対面で腰を据えると、奇妙な時間が始まった。
「では。作業に取り掛かろう……。何故、お前ではトラウマを再現出来ないんだ」
「なぜと言われても……」
「お前にも有る筈だ」
「それは決め付けじゃない? 中には深い傷を抱えず、幸せに人生を送っている人もいるだろうし」
「だが、お前が其の内の一人な訳が無い。其れは有り得ない。なのに何故、過去を呼び起こせない?」
「だから。そんなことを言われても困るんだ。私には、過去の記憶がないんだから」
「……記憶が無い?」
「記憶喪失ってことだよ」
死徒の誰も知らない事実を言った途端、マタイの眉間が力強く寄せられる。
「何を言っている?」
全身から放たれた威圧感を感じ、ユダは緊張感に怖気を付加するが、気概と毅然とした姿勢を保つ。
「言葉が通じなかったかい?」
「巫山戯た事を言う。此処はそんなに退屈か?」
「楽しくはないね」
マタイは背凭れに上半身を預けた。椅子がギシッと不安な音をさせても、座り慣れているように腕と足を組んだ。
(成る程。此奴は、自身の過去を知らないのか。だが。トマスより、俺の方が相互干渉力が強い筈。それに。記憶喪失を理由に、トラウマを引き摺り出せない筈はない。なのに何故……)
マタイは、暗紅色の双眸でユダを凝視しながら思考を続ける。
威圧感は少し収縮したが、内に棲まわせている怪物は得体が知れない。ユダは、その視線からなるべく視線を逸らさないように緊張感を維持する。
(記憶喪失なのは、理解してもらえたんだろうか……。死徒の戦法がこの棺の中での精神攻撃なら、私はこの場所にいても無意味。通常の戦闘に切り替えることもできるのに、それもしない……。
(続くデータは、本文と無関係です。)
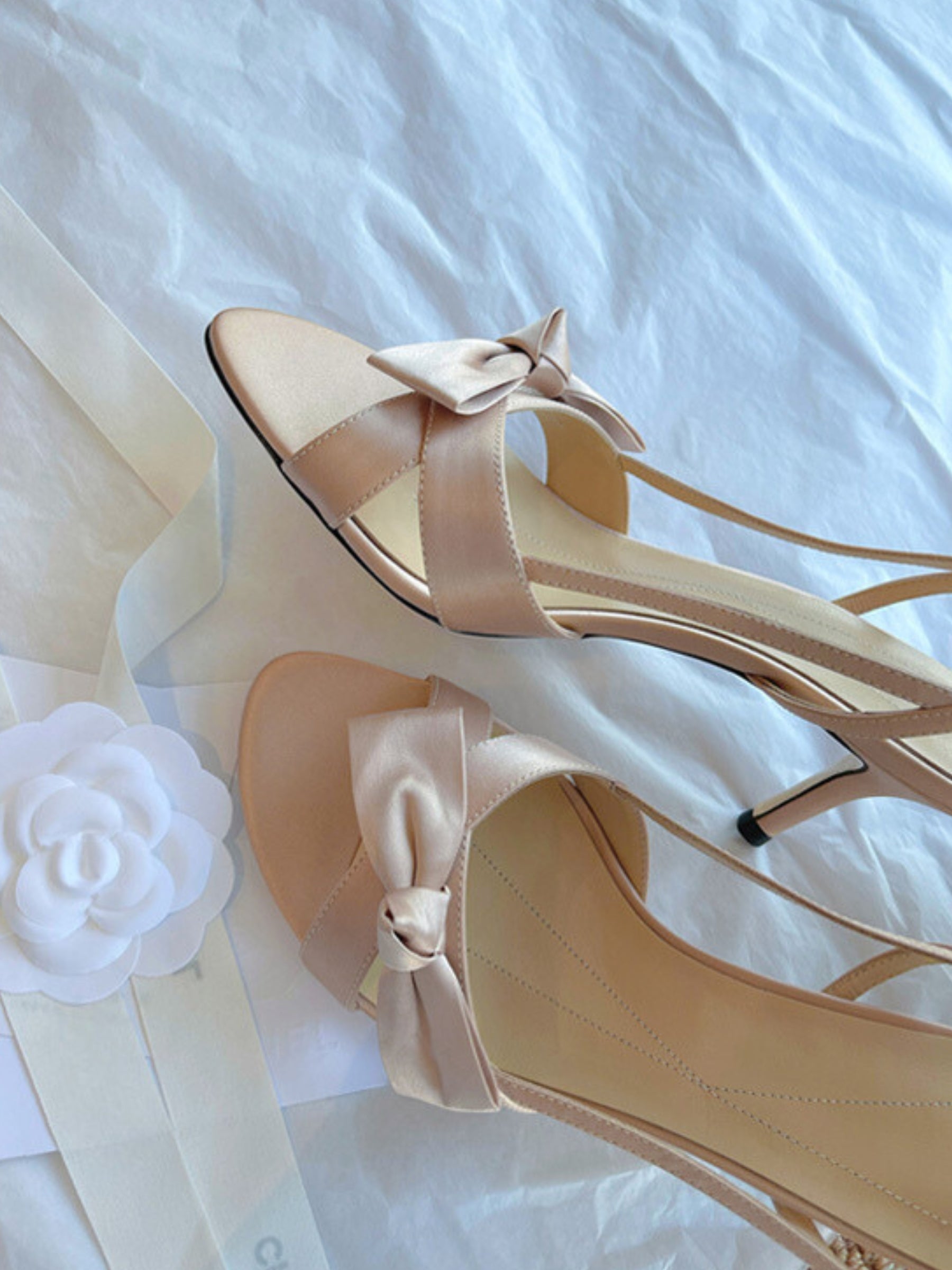 Zelda Satin Bow Sandals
マタイは、いったい何を考えている?)
無言の時間が流れる。温度のない風が吹き、雲が動き、草が揺れる。時間は流れているようだが、しかし、不思議と太陽の位置は変わらない。
(トラウマが引き出せない……。記憶喪失……。記憶の遮断……)
マタイはひたすら黙考する。彼が全く口を開かないので、この待ち時間の意味が無意味だと感じたユダは、付き合う義理もないので沈黙を破った。
「……あのさ。用がないなら、解放してくれないかな。仲間が心配してるんだ」
相見えたこの場でまだ一戦も交えていないのに解放を求めるユダの言葉に、マタイはハッとする。
(そうだ。此の前接触した時、此奴は俺に何も反応しなかった。最初に顔を合わせた時も……)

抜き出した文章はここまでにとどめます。